We propose to analyse a range of basaltic samples from the Louisville Seamount Trail, in order to assess the temporal and spatial variations in elemental and isotopic composition. We shall use the trace and major element data to determine the extent and depth of melting of the mantle source, and the isotope (especially Hf and Nd isotopes) and highly-incompatible trace element data to assess the relative contribution from enriched and depleted mantle sources.

This project follows on from an exceptionally successful IODP Expedition to explore the Louisville Seamount Trail. The research proposed here has two academic impacts. Firstly, it contributes to an effort to understand the origin and evolution of the LST itself. This first output of the research project will likely be published alongside other investigations on the LST by shipboard scientists in a special, dedicated high impact issue on the Louisville Seamounts.
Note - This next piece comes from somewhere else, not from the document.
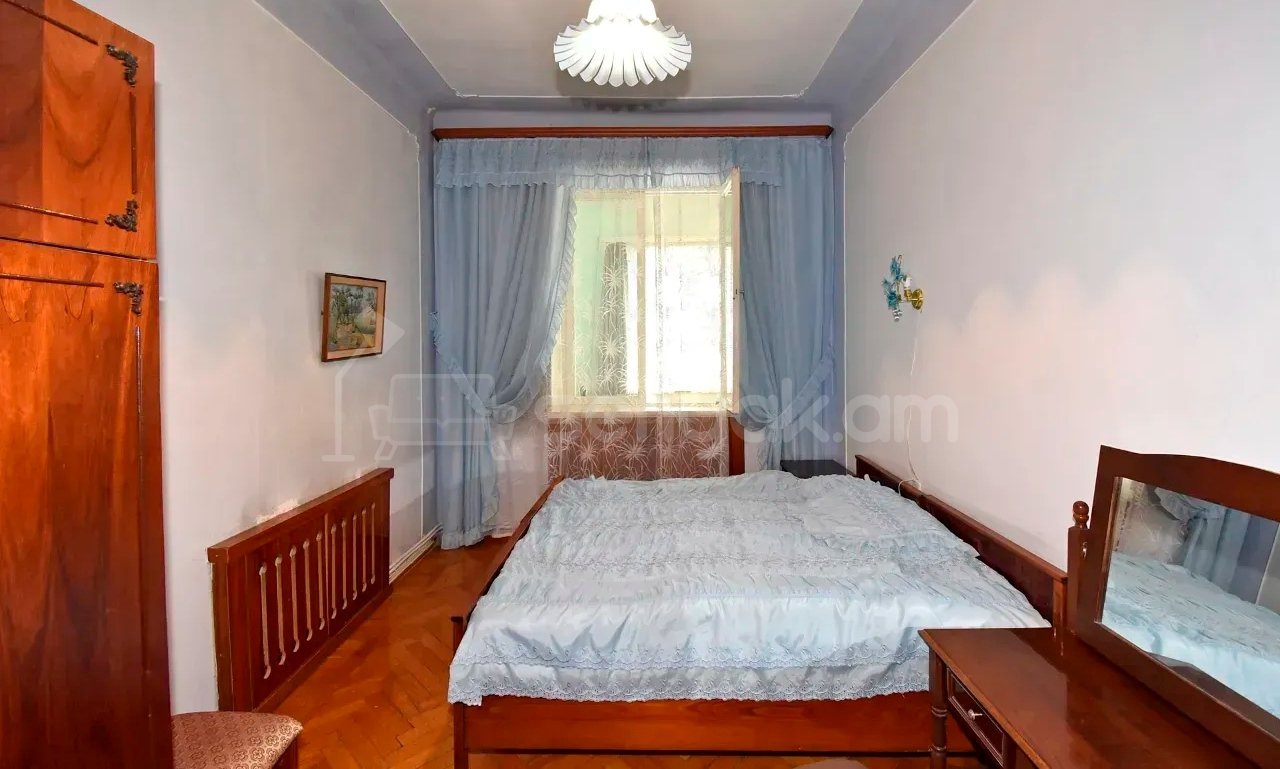 3 Սենյականոց Բնակարան Քարե Շենքում, 85քմ, 2/4 հարկ, Նորմալ Վիճակում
Secondly, this research has a far wider impact on the understanding of the earth's mantle and plume magmatism. We anticipate that this research will attract attention from the wider community working on these large, earth system problems and therefore attendance at both national and international conferences is planned to disseminate the results in the coming year. The outcome of this wider research will be published in high-ranking peer reviewed journals.
Furthermore, this project not only allows for a strengthening of previous collaborations between the PI and the University of Edinburgh but also opens up new international collaborations. The isotopic work is being undertaken as part of a new collaboration forged whilst onboard by Williams with Dr Hamelin at the world-renowned Institute of Geophysics, Paris. This work is part of a wider isotopic study of the Louisville Seamounts, involving researchers from the USA, Japan and China. These collaborations open up new avenues of research for the University and potential research opportunities for Williams. As her first PDRA position, this project offers an excellent opportunity for further research training and participation in a large, international research group. Williams also plans on attending the NERC Communicating Science to the Public workshop (2011) to maximise her ability to utilise the university and science press as well as other training workshops offered through the University's 'Skills for the Professional Researcher' programme.
Williams already organises and delivers outreach activities for various schools nationwide as part of her position at the University of Leicester. She also participated weekly in video conferences with schools from around the world whilst onboard the Expedition. The ideas and experience gained from these videoconferences will feed into future events that will include activities based upon IODP and can be used to highlight the UK involvement in this internationally important programme. In addition to this, talks are planned to both the student community and the general public through both the student seminar series and the well-attended Leicester Literary and Philosophical Society.